Nolan Fontana, SS, Florida: A stellar shortstop, Fontana also has a knack for getting on base despite mediocre contact rates and below-average power. He profiles as a No. 2 or No. 9 hitter depending on how his offense develops.
Barrett Barnes, OF, Texas Tech: Barnes is a right-handed power hitter that projects to play center/left field as a pro. He has an above-average plate approach and a quick bat, but he has some holes in his swing. Barnes has above-average speed and a below-average arm.
Brian Johnson, LHP, Florida: An excellent athlete who also plays first base, Johnson projects best as a back-end starter. His array of pitches includes a low-90s fastball, a solid curveball, a slider and a changeup. Johnson doesn’t have the highest ceiling, but he's a safe pick that may sign for below slot.

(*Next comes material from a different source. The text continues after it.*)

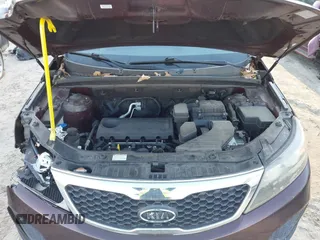 2012 Kia Sorento LX z VIN 5XYKT3A15CG203294, wystawiony jako IAAI lot #41339207 z przebiegiem 122 141 mil mil oraz . Historia ofert i sprzedaży dostępna na DreamBid. Obrazek 9.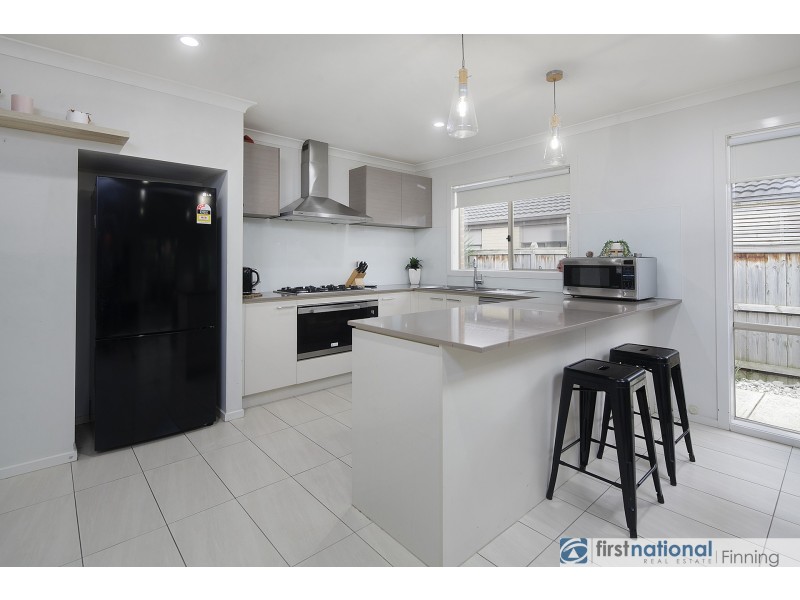 18 Brolin Terrace, Cranbourne North VIC 3977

Second Round (No. 87 overall)
Branden Kline, RHP, Virginia: Former Red Sox sixth-round pick out of high school in 2009. Projectable righty with a low 90s fastball and inconsistent secondary stuff.
Pat Light, RHP, Monmouth: Tall righty with a low-to-mid-90s fastball throws strikes. Secondary pitches have raw potential. Projects better as a reliever.

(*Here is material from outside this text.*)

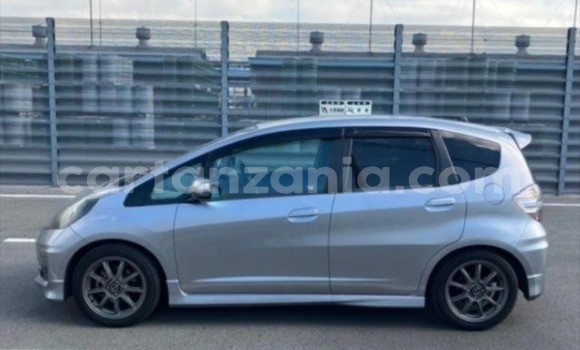 Nunua Imported Honda FIT Nyingine Gari ndani ya Dar es Salaam nchini Dar es Salaam Nunua Imported Honda FIT Nyingine Gari ndani ya Dar es Salaam nchini Dar es Salaam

Rio Ruiz, 3B, Bishop Amat High School (CA): Advanced defensive player with a strong arm, raw power potential, below-average speed, and average ability to make contact.
Peter O'Brien, C, Miami: Has shown flashes of brilliance on offense, but not consistently. Good arm at catcher but questionable agility. May be better suited to play first base. Fractured his wrist on April 15.
Luke Bard, RHP, Georgia Tech: Another former Red Sox draftee and Daniel’s younger brother. Mid-90s fastball with an inconsistent breaking ball. Currently out with a torn lat muscle.
Third Round (No. 118 overall)
Nick Williams, OF, Ball High School (TX): Lefty bat with impressive, unrefined tools. Has first-round talent, but baseball acumen is questionable. May be best served to honor his commitment to the University of Texas, but the right development staff could have a diamond in the rough.
Matt Olson, 1B, Parkview High School (GA): Two-way player is an excellent hitter for contact and power. Below average defense and speed. Committed to Vanderbilt.
Steven Rodriguez, LHP, Florida: Low-90s fastball with a decent slider. Projects as a lefty bullpen arm at the major league level.
Cody Poteet, RHP, Christian High School (CA): Unrefined pitcher with a 92-94 mph fastball, plus curveball, and a reliable slider. Committed to UCLA.
Chase DeJong, RHP, Wilson High School (CA): Low-90s fastball with a plus curveball, average changeup, and an unconventional delivery. Committed to USC.